Published in L.A. Weekly
Mark Sweet has warmed up the audience at more than 4,000 sitcom tapings, and he almost always begins with the same joke, the one he's using tonight at CBS' Mike & Molly, as it gets under way at 6 p.m.: "Turn to the person to your right and shake that person's hand."
The joke — and it is a joke, which becomes clear when you see what happens next — accomplishes something more than mere laughter: It gets audience members comfortable with the people around them. The message is that this isn't the L.A. Philharmonic, where an errant cough requires you to shrink in humiliation. "I've been in a warm-up where I started a show and people said, 'Is it OK to laugh?' " Sweet says. "They're not sure what to do. They think they're in a movie set."
On television, sitcoms are a slick, breezy 22 minutes. But a sitcom taping is an absurdist, theatrical event of Wagnerian length. The actors do two, three, four or more takes of every scene.
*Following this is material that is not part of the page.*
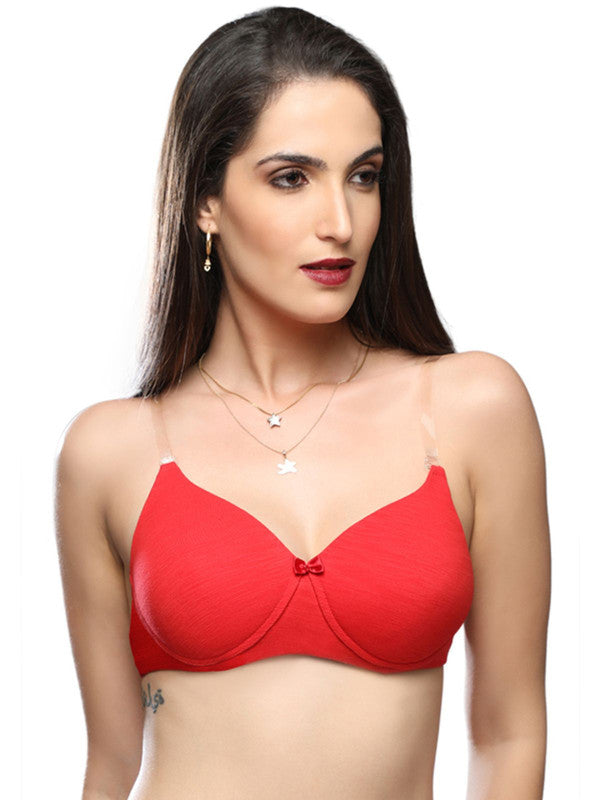 Lovable Red Padded Non Wired Full Coverage Bra LBC-03_Red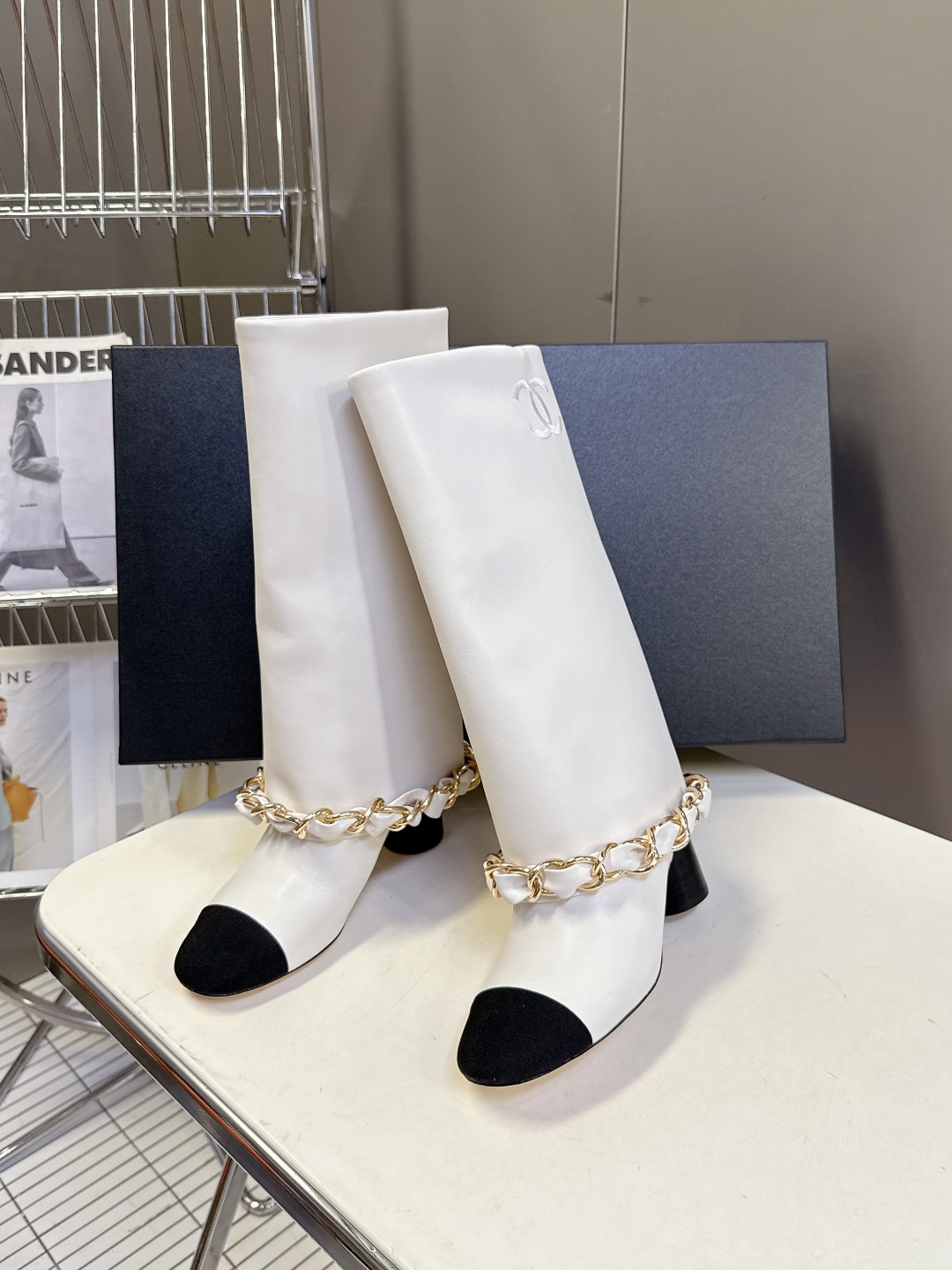 TOP CHANEL Fold-over Chain Calfskin Mid-calf Boots - 3 Color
Between takes, as the cameras and props are reset, the writers convene on the sidelines to rewrite jokes that didn't work.
During the lag time, Sweet keeps the audience not just occupied but primed to laugh. On a raised platform in front of a bleacher full of spectators, he emcees a variety show of jokes, magic tricks and competitions. One standby, a dance contest, typically involves a frisky audience member using the mic stand as a stripper pole while gyrating to a song like "Bust a Move." It can be corny, yes, but it's impossible not to laugh.
Some comics warm up for talk or reality shows. But it's sitcom tapings that bring the greatest difficulty and biggest paycheck. A network gig goes three hours or longer (Friends sometimes went seven) — and can pay $4,000 per night.
This odd, behind-the-scenes vaudeville is something of a dying art: The number of sitcoms shot in front of an audience — called multicamera comedies, because many cameras shoot at once — has dwindled in the last couple decades. But the handful of top warm-ups who are still around are in high demand.
Mark Sweet, who has steady gigs on Chuck Lorre's three platinum CBS shows (Two and a Half Men, The Big Bang Theory and Mike & Molly), is at the top of the profession.